** Directions for this task **
Reproduce, exactly and only, the lines of the data that follows from the one containing "But here's one" down to the one containing "If you found", without pictures.

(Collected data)
● ● ● ● ●
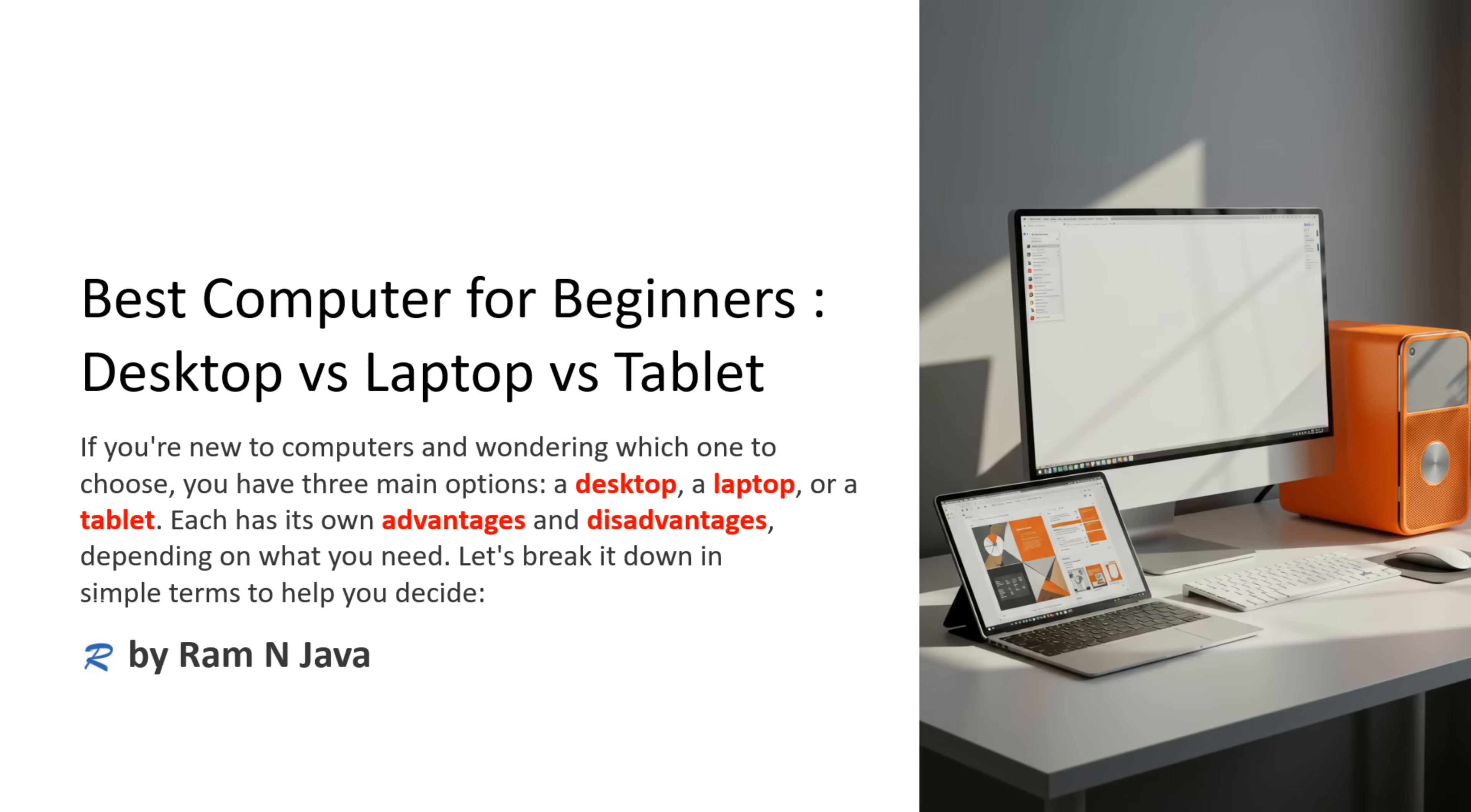This video tutorial will explain the best computer for beginners. It can be a desktop, laptop, or tablet. If you are new to computers and wondering which one to choose, you have three options: desktop, laptop, or tablet. Each has its own advantages and disadvantages, and we will see that based on that you can decide what you need.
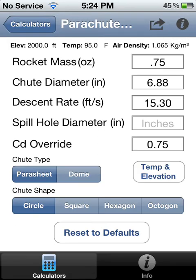From the other descent rate calculator and altitude prediction calculator. And that's about it.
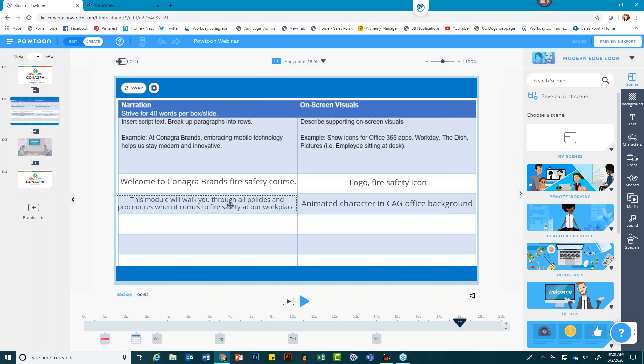Amy mentioned audio and voiceover tracks — I know people have a lot of questions about that, so I'll put that in the parking lot and we'll come back to it in Q&A. Let's move on and talk about your next tip.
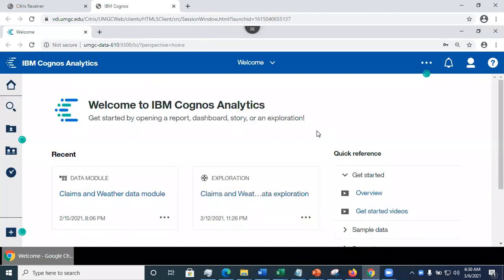In this video, we are going to look at how to create a new dashboard. I'll be looking at the claims and weather data that's used to predict the total claim information based on the insurance coverage type, vehicle information, and car owner information.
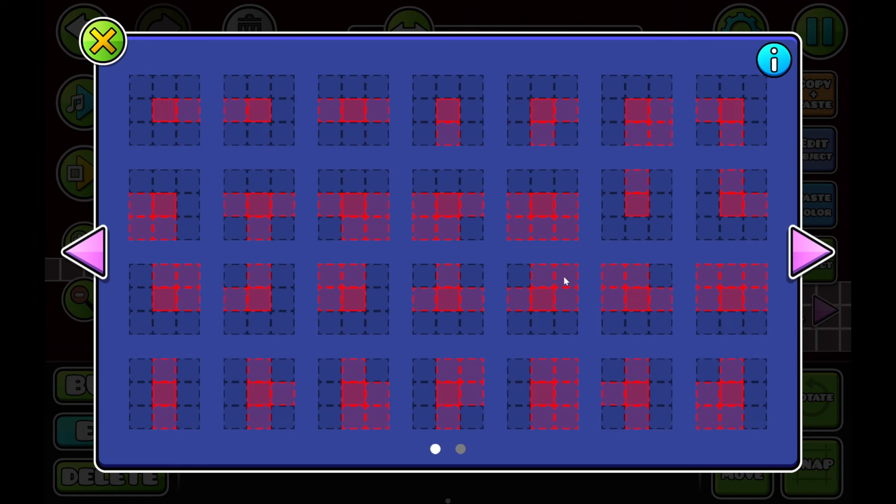Basically, what you have to do is create every single one. I know it sounds like a lot, but it's much better than the alternative, and it saves so much time. Please just do it. It will make your creating process so much faster.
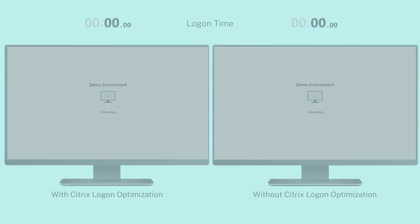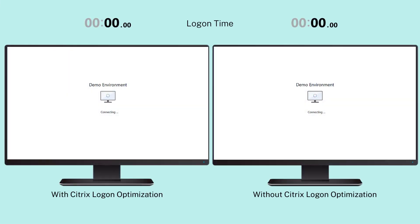The first impression a user has of a DAS solution is the logon experience. You want to make the desktop interface appear as fast as possible.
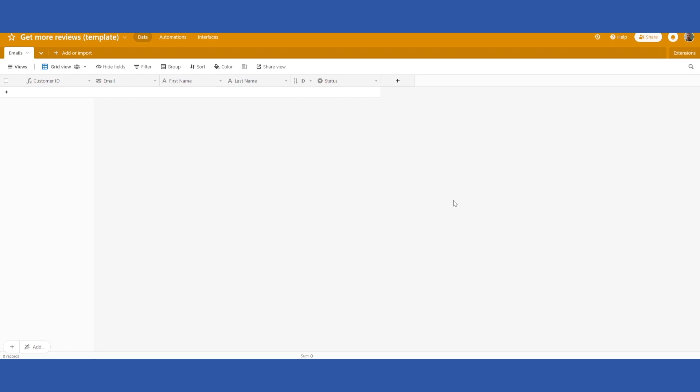But here's one option using Airtable. You can copy this base by clicking the link in the description below. We will get started here. So if you don't have an Airtable account already there's also a link in the description below that you can click to set up a free Airtable account.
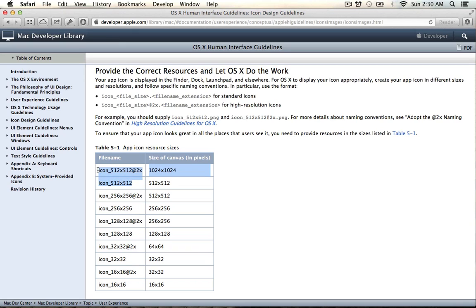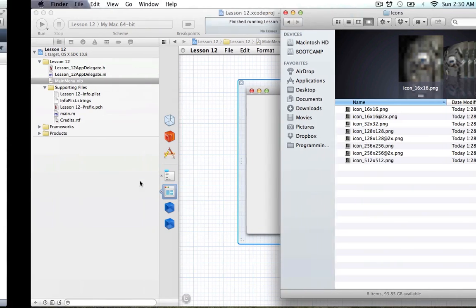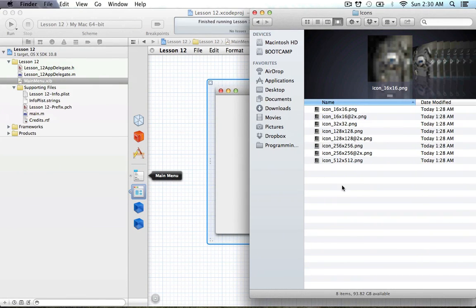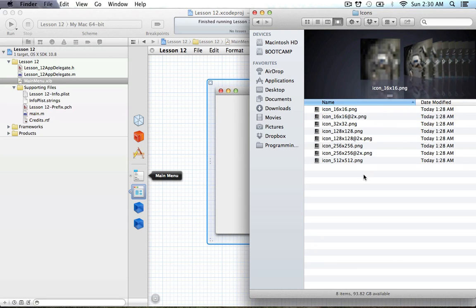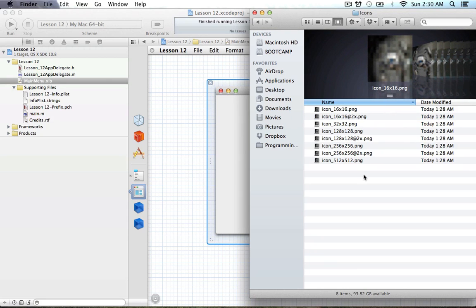The @2x notation tells the computer that this is a Retina image with twice the pixel density for Retina displays. I have a folder of icons prepared — I should have ten total images but only have eight, missing the 512×512 @2x and the 32×32 @2x images.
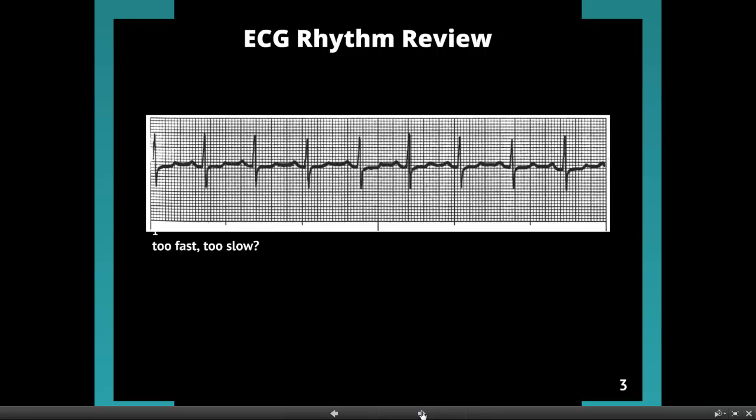Step number one: is it too fast or too slow? We're going to be looking at the QRSs — how far apart are they? These seem to be equally separated. We're going to use our 300 rule. In this one, we go 300, 150, 100, and see that it's just a little bit beyond three boxes. So it's a little bit slower than 100. Let's just put it down at 90 beats per minute.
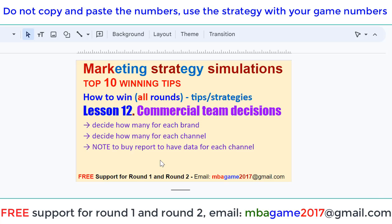Hello, welcome back to the marketing strategy simulation. Top 10 winning tips on how to win all rounds. Tip and strategy lesson 12: setting decisions for the conversion team. Decide how many for each brand and decide how many for each channel.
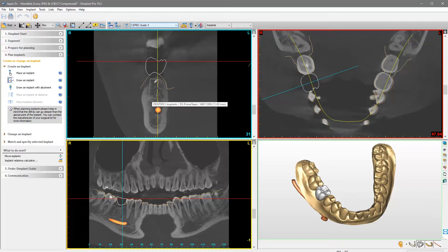In this case, Simplant Pro has been configured with DensaSply Sirona Prime Taper as its default implant. Use the diagnostic setup included as a reference to set the angulation, and when choosing the implant length, aim to be 2 mm away from the nerve canal. To define the length in buccal-lingual angulation, we move the mouse apically. We left-click to establish the position of the implant apex.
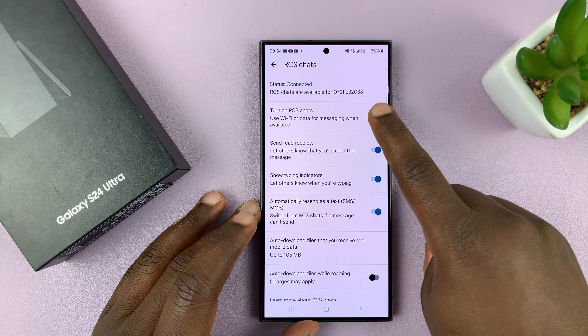To disable, you can tap on that and turn it off. With RCS off, basically, when you send messages, they're just going to be sent as normal SMS messages.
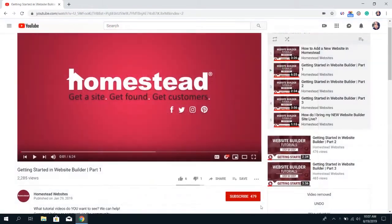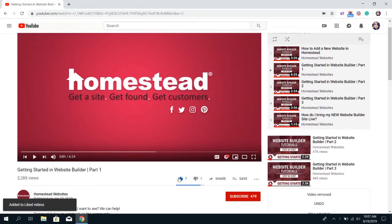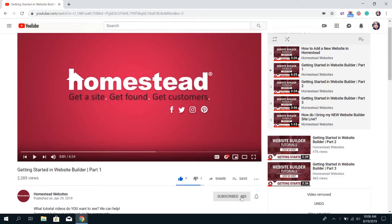If you found this video helpful, click the like button below, which is the thumbs up. To make sure you see new videos we post, make sure to subscribe to our channel by clicking the red subscribe button below the video. Thanks for watching.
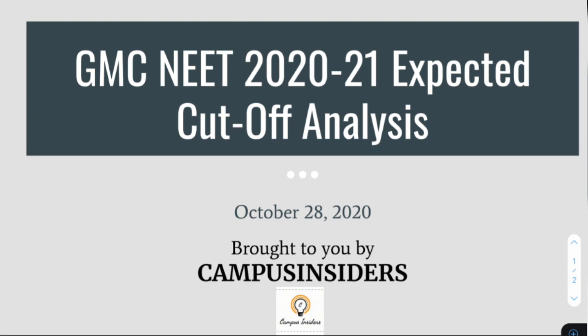All the data used in this video is open source as per the claims and advertisements released by respective coaching institutes and available in the public domain. Mind you, these are scores from major institutions across Goa which are preferred by students for NEET training. We accept that our data may have some limitations in not accounting for the few independent students who aren't part of these institutions. This is strictly an unofficial analysis.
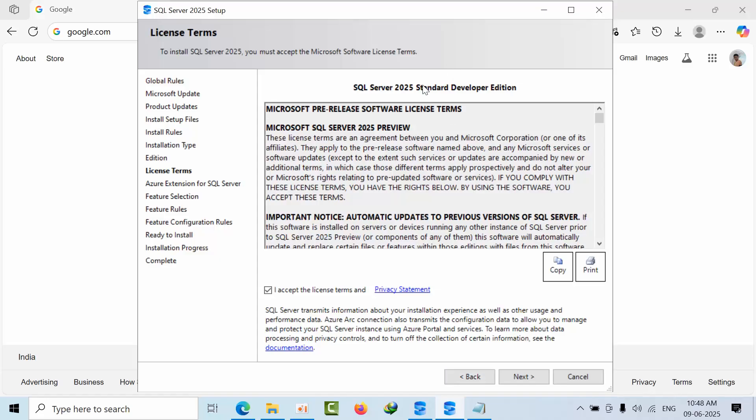Both are free. Standard is only for standard means — so if you are working on an application which is connected to the standard edition, you can utilize this standard developer. But almost both are free.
● ● ● ● ●
** Exercise output **
But here's one option using Airtable. You can copy this base by clicking the link in the description below. We will get started here. So if you don't have an Airtable account already there's also a link in the description below that you can click to set up a free Airtable account.
The @2x notation tells the computer that this is a Retina image with twice the pixel density for Retina displays. I have a folder of icons prepared — I should have ten total images but only have eight, missing the 512×512 @2x and the 32×32 @2x images.
Step number one: is it too fast or too slow? We're going to be looking at the QRSs — how far apart are they? These seem to be equally separated. We're going to use our 300 rule. In this one, we go 300, 150, 100, and see that it's just a little bit beyond three boxes. So it's a little bit slower than 100. Let's just put it down at 90 beats per minute.
Hello, welcome back to the marketing strategy simulation. Top 10 winning tips on how to win all rounds. Tip and strategy lesson 12: setting decisions for the conversion team. Decide how many for each brand and decide how many for each channel.
In this case, Simplant Pro has been configured with DensaSply Sirona Prime Taper as its default implant. Use the diagnostic setup included as a reference to set the angulation, and when choosing the implant length, aim to be 2 mm away from the nerve canal. To define the length in buccal-lingual angulation, we move the mouse apically. We left-click to establish the position of the implant apex.
To disable, you can tap on that and turn it off. With RCS off, basically, when you send messages, they're just going to be sent as normal SMS messages.
If you found this video helpful, click the like button below, which is the thumbs up. To make sure you see new videos we post, make sure to subscribe to our channel by clicking the red subscribe button below the video. Thanks for watching.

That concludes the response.